Southern Europe wildfires: A climate threat? | DW News

‘We are no longer talking about climate change but about a climate threat’ — that’s the view of Greece’s deputy civil protection minister as the southeast region of the Mediterranean is gripped by an extreme heatwave. Dozens of wildfires have broken out in Greece, Italy and Turkey — forcing residents and tourists to evacuate.
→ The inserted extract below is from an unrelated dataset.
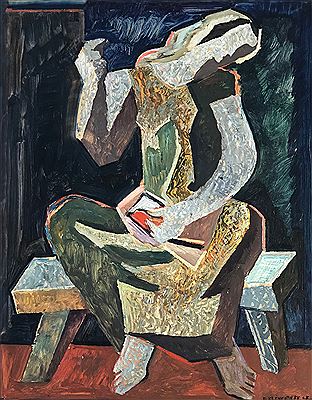 "Composition cubiste"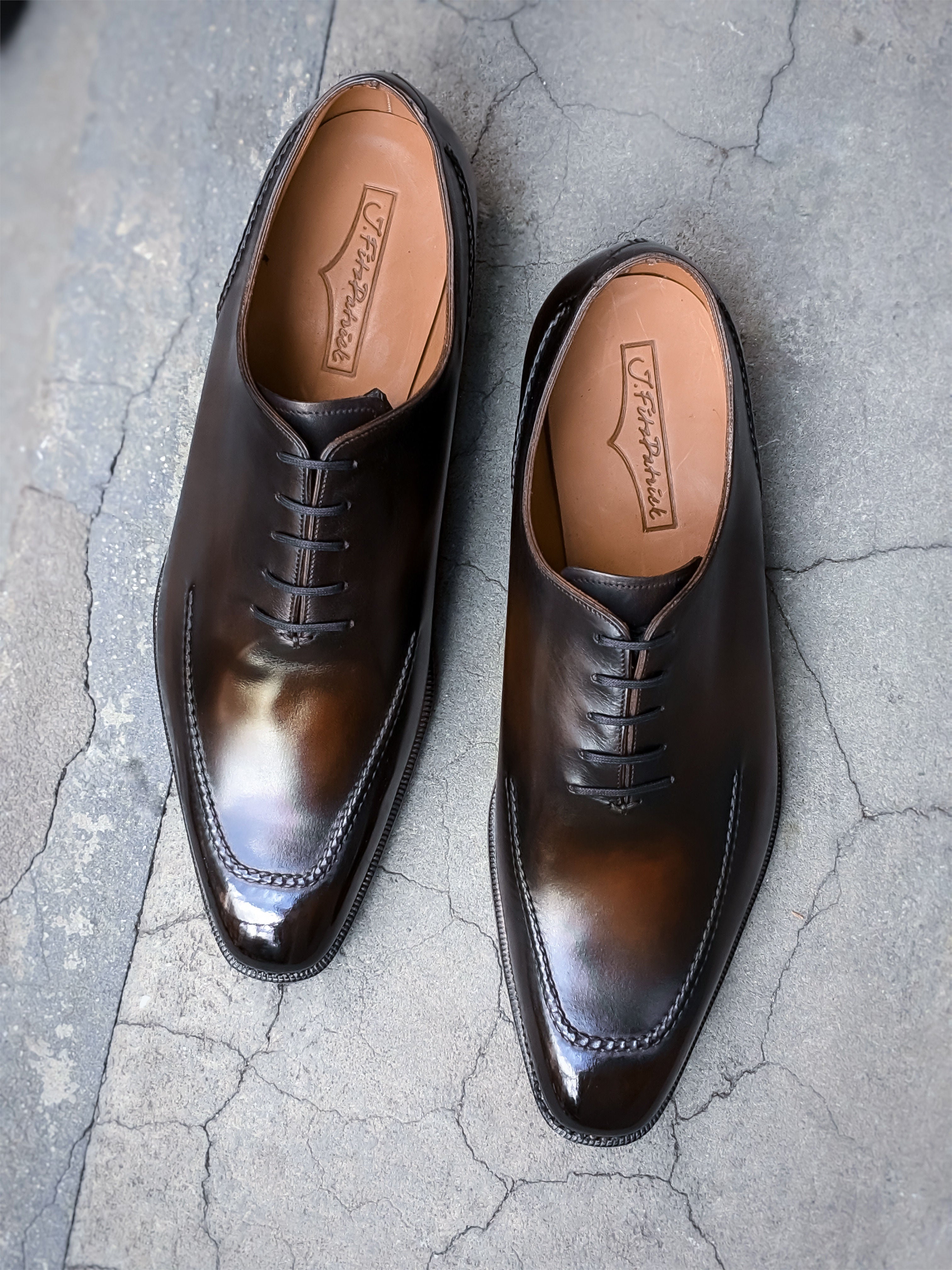 Patina Dark Antique Brown - MTO - Whittier-Made To Order Oxfords Custom Patina-J.FitzPatrick Footwear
DW’s correspondents in Turkey, Greece and Italy are on the ground following this story.

01:54 — Turkey

On Turkey’s southern coast, blazes have killed at least eight people. DW’s Julia Hahn reports from Manavgat, one of the areas that has been badly affected by the wildfires in Turkey.

04:24 — Greece

In Greece, temperatures are expected to peak at 45 degrees Celsius (113 degrees Fahrenheit) in some parts of the country this week. The prime minister says Greece is experiencing its worst heatwave since 1987. Local authorities are advising households and businesses to conserve electricity especially during afternoon and evening peak times. DW correspondent Florian Schmitz reports from Thessaloniki.

07:27 — Italy

Extreme weather has emergency services on high alert in Italy, too. Heavy rain and floods have hit the north of the country, while wildfires burn in the south. The Italian fire service say they have carried out over 700 operations in the past 24 hours on wildfires burning across the central and southern parts of the country. Jacopo Lentini reports from Palermo.

09:50 — What to make of these multiple extreme weather events?

DW puts the extreme heatwave in southern Europe into perspective with Mojib Latif, a meteorologist at Germany’s Helmholtz Centre for Ocean Research, and author of best-selling climate change book ‘Hot Times.’